Watson and McQuorcodale should be prepared to handle all kinds of questions about their influences, because they seem to have reached an early career tipping point. In addition to performing at a recent well-attended SXSW gig and recently completing tours of the West Coast and Midwest with their mentors, the Denton-based [daryl], Black Tie Dynasty has just released its debut on local Idol Records. The six-song EP titled This Stays Between Us was produced by Brian McDonald, Mike Lamm, and the band (rounded out by Blake McWhorter on bass and Eddie Thomas on drums). The tunes were written in a completely collaborative process: Watson pens the lyrics, and he says the harmonic spine of a song “can come out of anywhere” — Brian’s keys or the rhythmic drive of Blake and Eddie.
The musicians have, in fact, a sizable bank of compositions that stretches back to their previous incarnation. Just two years ago, Black Tie Dynasty was called Moxie, whose signature sound was based on Watson and McQuorcodale’s straight-ahead indie-guitar approach. Moxie even released a full-length album. But McQuorcodale says that, since he dropped piano to learn guitar as a teen-ager — something that most male adolescents who want to play in rock bands think they have to do — he had always yearned to return what he calls the “soulful” sound of the piano.
Watson doesn’t know if writing songs is easier with a keyboard than a guitar, but he says that “when Brian picks something out on the synth, it just sounds bigger and more emotional. I know it pulls more out of me as far as lyrics go.”

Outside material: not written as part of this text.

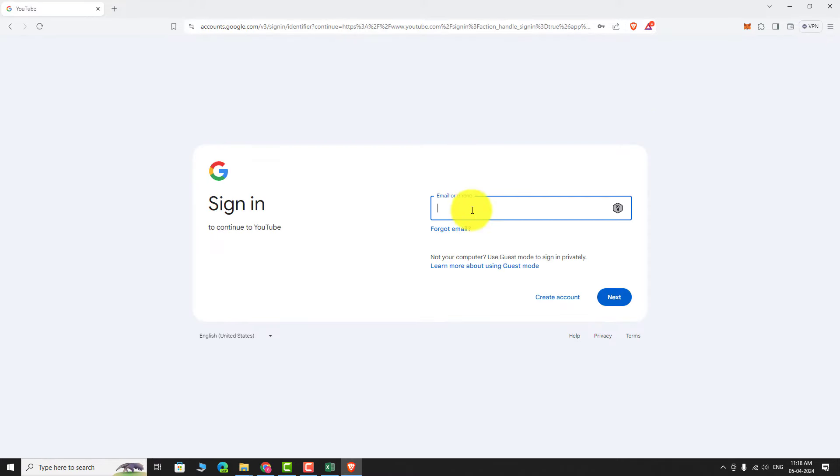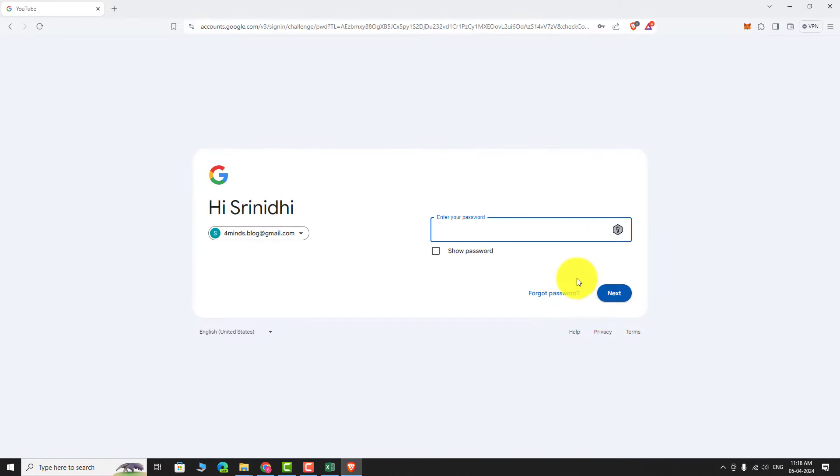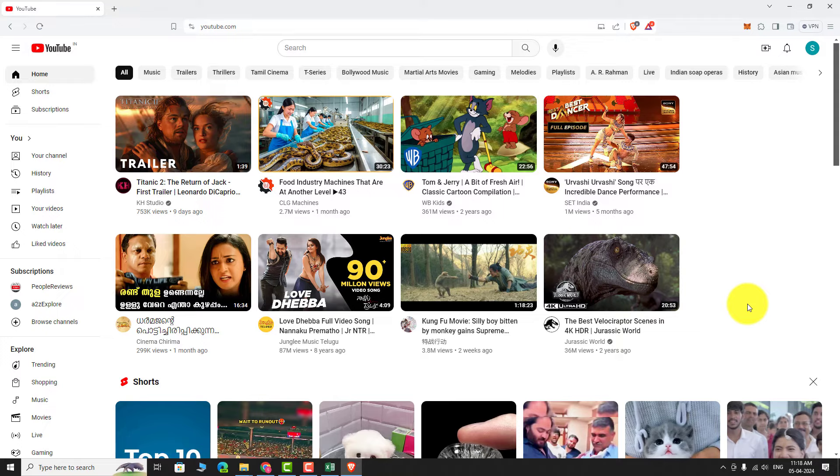Enter your email address and click next. Now, enter your password and click next. That's it, you're logged in to your YouTube account.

Black Tie Dynasty’s experience earlier this month in the Austin music festival is a textbook example of how corporations are trolling local scenes through the internet underground, looking for ways to enter the ground floor of a young band’s nascent success. Apple Computers approached the group to do a tie-in promotional for its iPod product. That promotion came in the form of 200 plastic “credit cards” with the band’s name and image as well as a PIN number so potential fans could download “Crime Scene” (the first tune off This Stays Between Us) from iTunes, the company’s e-music store.

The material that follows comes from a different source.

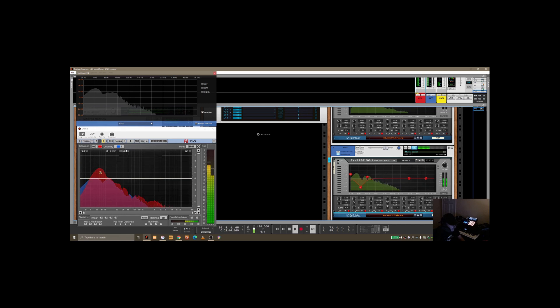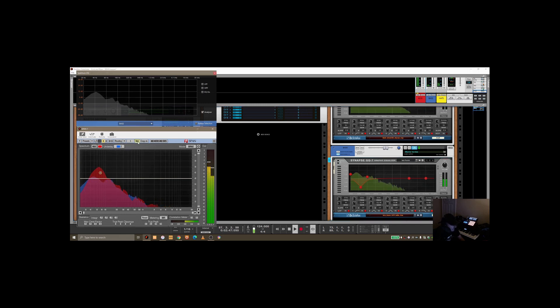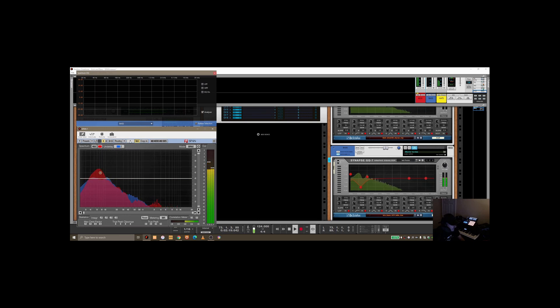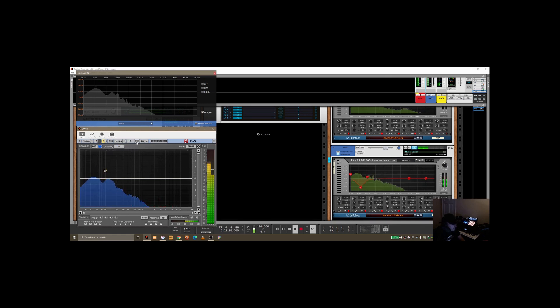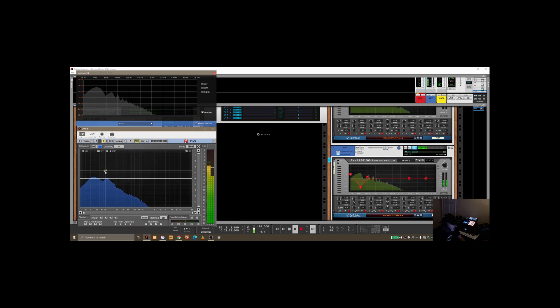If you want to isolate this, you can hit solo over in SPAN, and now we're just hearing the kick because we're on group one. I can turn solo off there and hear both together. If I change the grouping to number two and solo, I can just hear the bass.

The iPod promotion and SXSW have netted Black Tie the phone numbers of a couple of major-label A&R guys — who do return calls. At the moment, though, the band is intently focused on its next few baby steps, preparing to record and release its first full-length later this year, also on Idol Records.

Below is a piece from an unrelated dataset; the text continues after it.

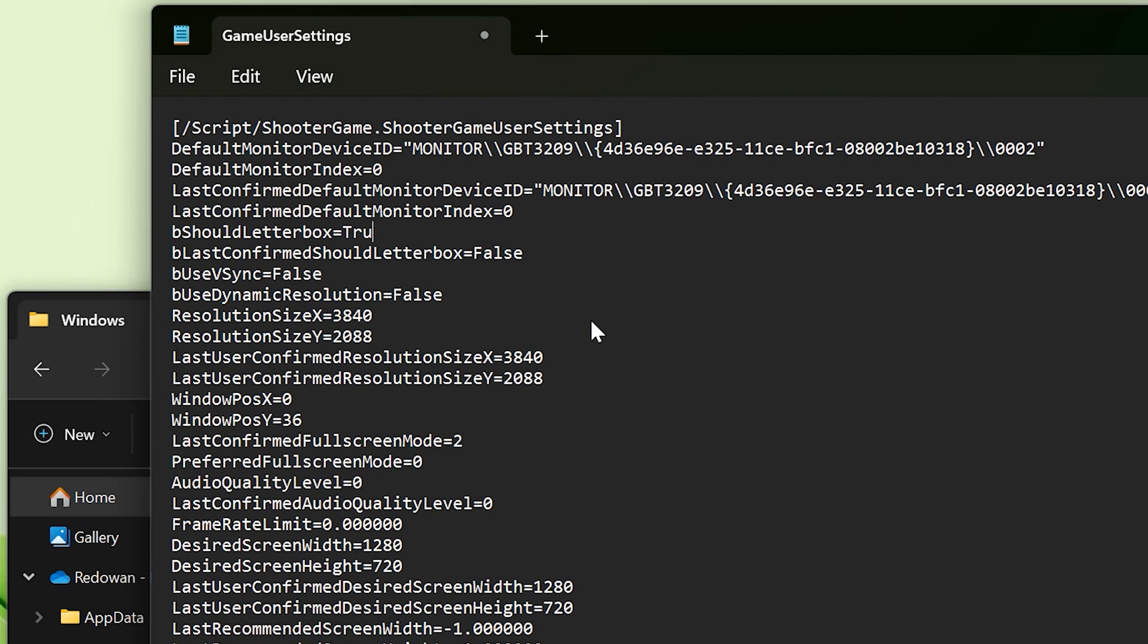Be should letterbox will be set to true. Just write false here. Now save it.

Whether you tag Black Tie Dynasty as a particularly inspired ’80s nostalgia act or a group of eager archeologists updating a once-popular but now foreign-sounding vibe, the musical landscape does feel right for their ascendance. Las Vegas’ synth punks The Killers may have just beat Black Tie to the national charts, but there’s still an oversaturation of American Idol-style histrionics and testosterone-addled hip-hop in today’s youth market. The guys in Black Tie Dynasty are all dressed up and ready to revive a unique kind of cool: the gloomy sci-fi ballad that seems to love isolation as much as it yearns for romantic connection. Indeed, Cory Watson and Company usually try to “class it up” a bit with blazers and ties onstage. He even gives his eyelashes a few swoops with a mascara brush for dramatic effect. “But,” he added quickly. “I don’t wear it around the house.”